Melissa Faithful for Art-Sheep
With her series Unadorned, German photographer Julia Fullerton-Batten takes us back to a period in history when the ideal female body was much different than the models seen in magazine spreads, billboards and fashion shows.
“Beauty” is a painful term that has oppressed women for decades into looking like what social stereotypes enforces them to. Centuries before the contemporary beauty standards, artists like Peter Paul Rubens were painting curvier women who represented the beauty standards of their era. Rubens’ sensual women were round, pale women with red cheeks and blonde hair, who looked comfortable with their full bodies and expressed an intense eroticism.
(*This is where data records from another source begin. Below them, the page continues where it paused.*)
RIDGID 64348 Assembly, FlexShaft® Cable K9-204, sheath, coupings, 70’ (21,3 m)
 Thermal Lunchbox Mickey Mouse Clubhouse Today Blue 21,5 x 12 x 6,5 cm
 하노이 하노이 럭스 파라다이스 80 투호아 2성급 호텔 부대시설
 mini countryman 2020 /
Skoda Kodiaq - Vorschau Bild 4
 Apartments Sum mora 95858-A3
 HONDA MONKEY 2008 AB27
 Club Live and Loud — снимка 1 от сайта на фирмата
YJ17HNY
Following the lead of Renaissance and Baroque painters, Fullerton-Batten photographed bigger women in a series of fairytale-like images. Their bodies furl as they stretch or lean on tables, while their facial expressions are showing feelings of lust and erotic desire. Set in romantic spaces, they pose while interacting with natural or mysterious backgrounds, allowing their bodies to fully embrace their shape and size. Fullerton-Batten’s women are in utter harmony with nature, as if they are painted by the hand of an old master.
The photographer has managed to fully capture that essence of a more classic, North European beauty. In a world where women struggle to look thinner, it’s nice to look at images of larger women, who feel and look beautiful.